Il posto fisso come base sui cui organizzare un progetto di vita e di famiglia, un modo per dare stabilità ad un paese. Le parole del ministro Tremonti espresse lo scorso lunedì sera hanno scatenato ogni tipo di reazione.
Per la leader degli industriali Emma Marcegaglia: “è un impossibile ritorno al passato che ha creato non pochi problemi al mercato del lavoro: aumento della disoccupazione, del sommerso nel Mezzogiorno, la logica dell’assenteismo nella pubblica amministrazione”.
Parole di elogio dal leader della Cgil Guglielmo Epifani che invita ora il governo “a passare all’azione”. Dall’altro fronte, forse troppo preso a discutere su chi diventerà il prossimo leader del PD, solo una timida battuta di d’Alema: “Tremonti è come Dottor Jekill e Mr Hyde”… senza però chiarire se l’idea del ministro sia positiva o negativa…

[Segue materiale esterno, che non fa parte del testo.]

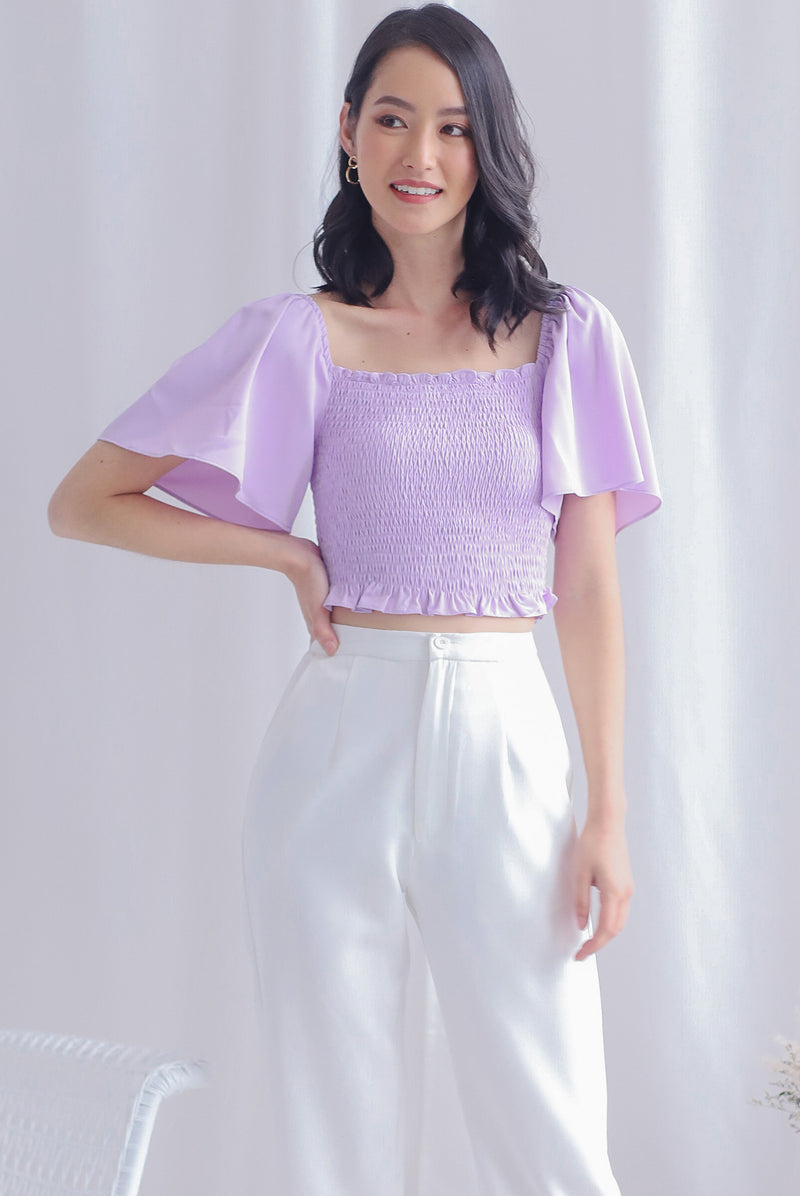 Stephi Flutter Sleeve Smocked Top In Lilac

Lo stesso premier Berlusconi prende le difese del suo ministro: “La polemica della sinistra è l’ennesima conferma della malafede di molti suoi esponenti. Per noi, come dimostrano i provvedimenti presi in questi mesi a tutela dell’occupazione, è del tutto evidente che il posto fisso è un valore e non un disvalore. Così come sono un valore le cosiddette partite Iva”.